What is your goal for training? If you are wanting to get stronger then you have to train with something heavy.


----------



## Xue Sheng (Dec 4, 2018)

Seeing as this is the JKD section...Bruce Lee did both...and then some

Look for
Bruce Lee The Art of Expressing the Human Body 

and

Bruce Lee's Fighting Method: The Complete Edition 

and

Chinese Gung Fu: The Philosophical Art of Self-Defense


----------



## MetalBoar (Dec 4, 2018)

I agree with the others, what are your goals? Do you have easy access to a reasonably well equipped gym? Personally I think weight training is almost always useful and becomes more and more valuable as you get older. If you're young and recover really quickly you can add some weight lifting with almost no risk of over training. As you get older I've found that strength gains are a lot easier to maintain than the adaptations the body makes to "cardio" and the research shows that it's extremely important if you want to stay functional when you're elderly. The other nice thing about weight lifting is that it's so easy to add to whatever else you're doing. You can do a really effective session with weights in a very short time if you've got a focused, well thought out routine and you just go do it.

Edit:
Looking at the title I just want to add that muscular definition is essentially a product of two thing; 1) how much muscle you have 2) how much fat is covering the muscle, so there's no reason you can't have both. In fact, if definition is your goal weight training is going to be a key ingredient to getting it as fast as possible. There are other factors, such as muscle belly length, that can impact how much muscle or how little fat you need to be carrying to have a lot of really super obvious definition but you can't control that part of the equation anyway.

Now, how lean you are becomes a _lot_ more important if you are interested in competition because every extra pound of unnecessary fat is one more pound you have to move around the ring (or Octagon, or whatever). If your sport has weight divisions this is even more important as it's going to be tough if you have to go up against someone who weighs what you do but carries 10 more pounds of muscle and commensurately less fat.


----------



## drop bear (Dec 4, 2018)

Both. And you cycle them.


----------



## Buka (Dec 4, 2018)

Welcome to Martial Talk, Alexa. 

You might want to read up on functional strength. Or you can go the old Billy Crystal route...


----------



## MetalBoar (Dec 4, 2018)

drop bear said:


> Both. And you cycle them.


I'm curious to know what your perspective on cycling them entails. 

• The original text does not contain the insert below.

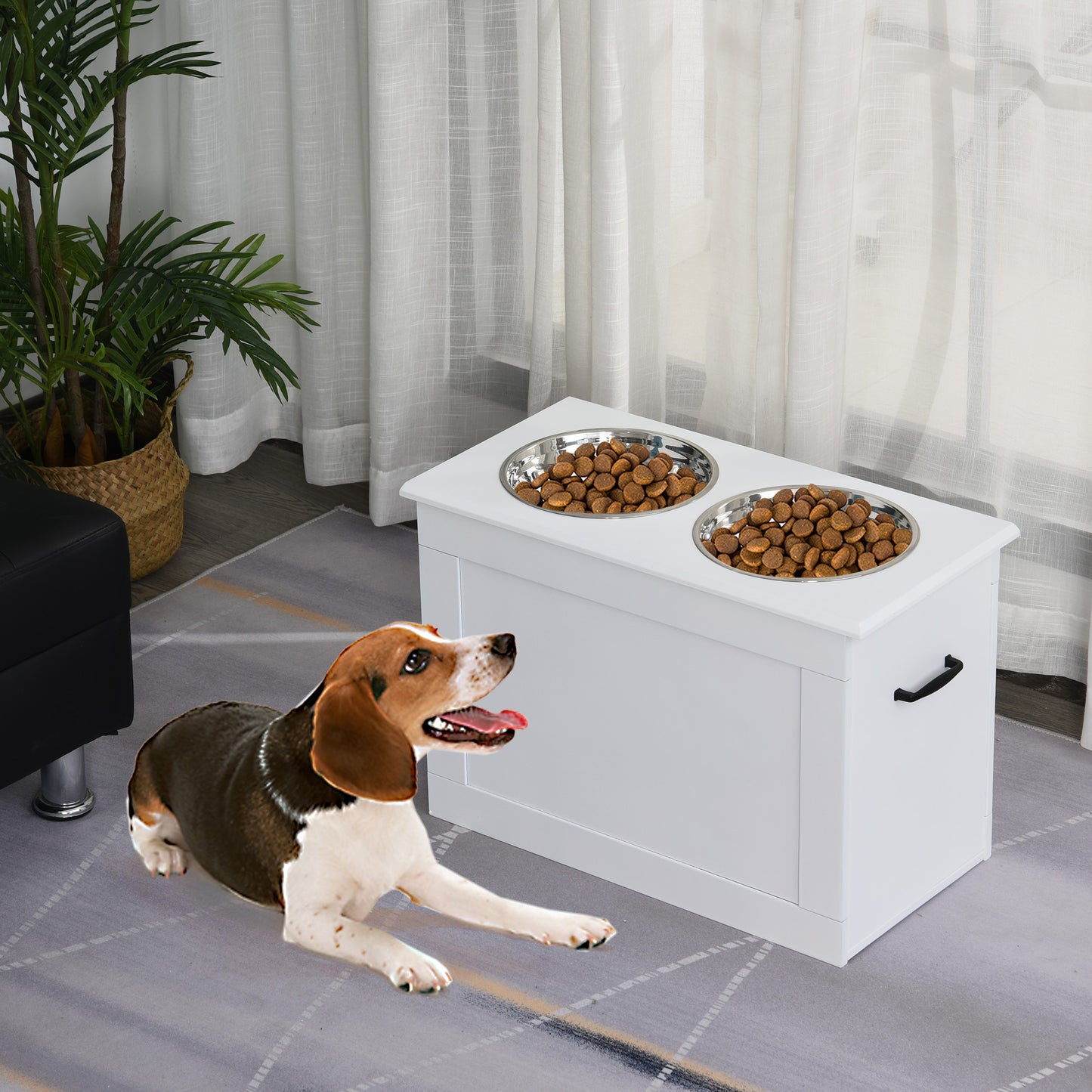 Raised Dog Bowls Pet Feeding Storage Station with 2 Stainless Steel Bowls Base for Large Dogs and Other Large Pets, White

I know I read a study done on a Canadian hockey team that did extensive body composition testing. It found that, at the pro or near pro level of the team (don't remember the details), that when you looked at all the work on the ice with practice plus the games, the athletes actually lost muscle muscle faster if they tried to add weight training to the mix while hockey was in season because they were already in a state of over work (they already knew that they lost muscle during the hockey season without strength training). They determined that the optimal program was to put on as much muscle as possible off season and then do no strength training on season and do as much as they could to support recovery. I'm not sure how to apply this to MA training, though I guess I can see where I'd start if I was designing a training routine for pro or pro-am fighters. Most young people who aren't working at that level aren't particularly close to over training in my experience. 

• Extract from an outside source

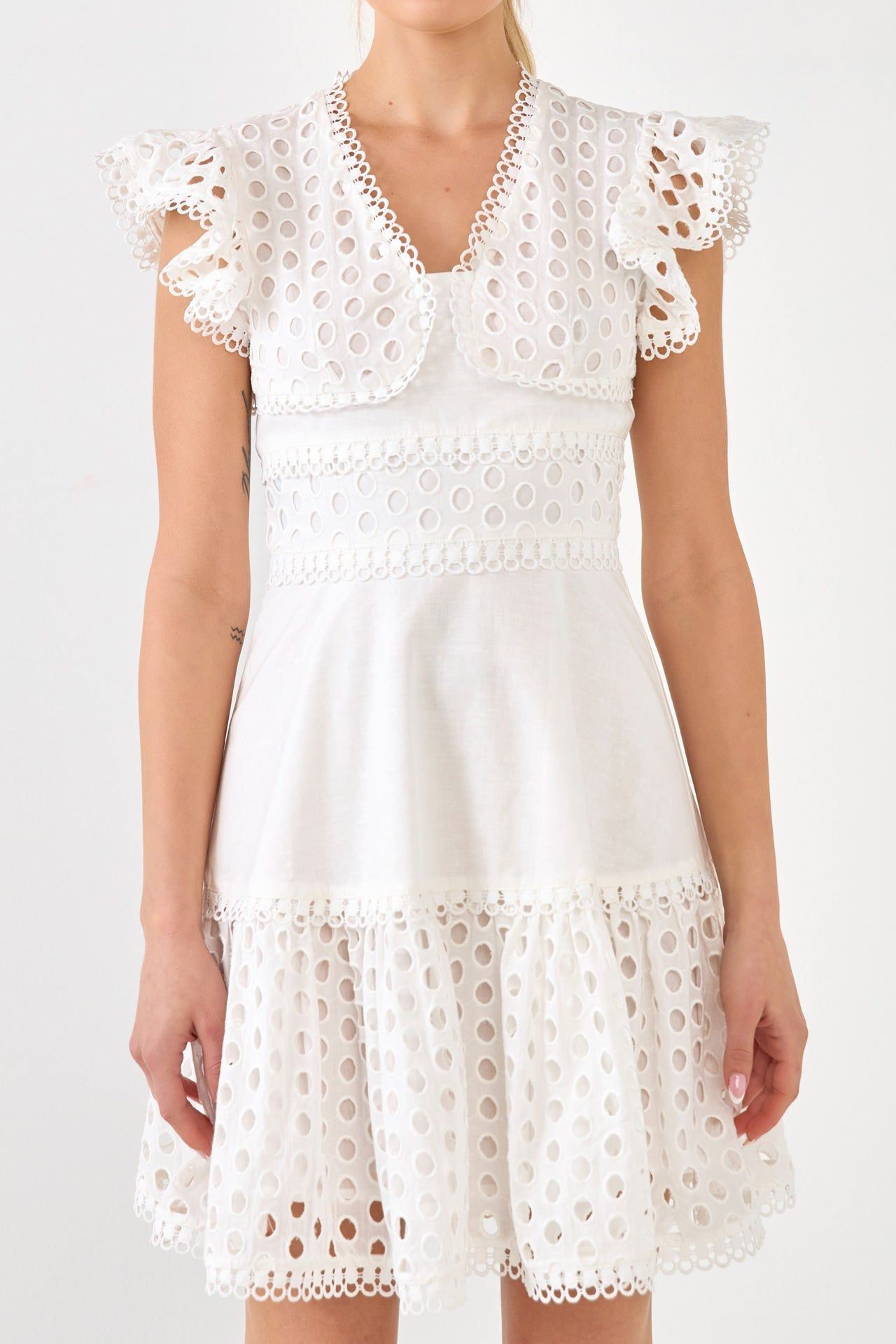 Eyelet Mixed Media Mini Dress sold by Endless Rose product image thumbnail 5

Or do you mean something else entirely?


----------



## drop bear (Dec 4, 2018)

MetalBoar said:


> I'm curious to know what your perspective on cycling them entails.
> 
> I know I read a study done on a Canadian hockey team that did extensive body composition testing. It found that, at the pro or near pro level of the team (don't remember the details), that when you looked at all the work on the ice with practice plus the games, the athletes actually lost muscle muscle faster if they tried to add weight training to the mix while hockey was in season because they were already in a state of over work (they already knew that they lost muscle during the hockey season without strength training). They determined that the optimal program was to put on as much muscle as possible off season and then do no strength training on season and do as much as they could to support recovery. I'm not sure how to apply this to MA training, though I guess I can see where I'd start if I was designing a training routine for pro or pro-am fighters. Most young people who aren't working at that level aren't particularly close to over training in my experience.
> 
> Or do you mean something else entirely?



Yeah basically the same. When you are out from a fight you do muscle building. As you approach fights you start to do more cardio and explosiveness.

But you could cycle weekly. So rest, strength train then build towards explosiveness by the end of the week.


----------



## _Simon_ (Dec 5, 2018)

I think both are helpful. I've trained many years with weights and bulking up, and contrary to alot of myths I have never found that it slowed me down. If you train with super slow movements that may train you to be slow, but keeping on top of your mobility and flexibility is important.

On karate days it's more calisthenics, pushups, bodyweight squats etc, do develop endurance and explosive movement.

Both types develop different aspects. Ultimately depends on your aim


----------



## MetalBoar (Dec 5, 2018)

_Simon_ said:


> I think both are helpful. I've trained many years with weights and bulking up, and contrary to alot of myths I have never found that it slowed me down. *If you train with super slow movements that may train you to be slow,* but keeping on top of your mobility and flexibility is important.
> 
> On karate days it's more calisthenics, pushups, bodyweight squats etc, do develop endurance and explosive movement.
> 
> Both types develop different aspects. Ultimately depends on your aim


Nah, even weight training with a _very _slow protocol has no risk of making you slow. You just need to spend enough time practicing your art at the speed you want to use it, which is true whether you even lift weights at all.


----------



## CB Jones (Dec 5, 2018)

It comes down to what you want more fast twitch muscles for more explosiveness and power or slow twitch for more stamina.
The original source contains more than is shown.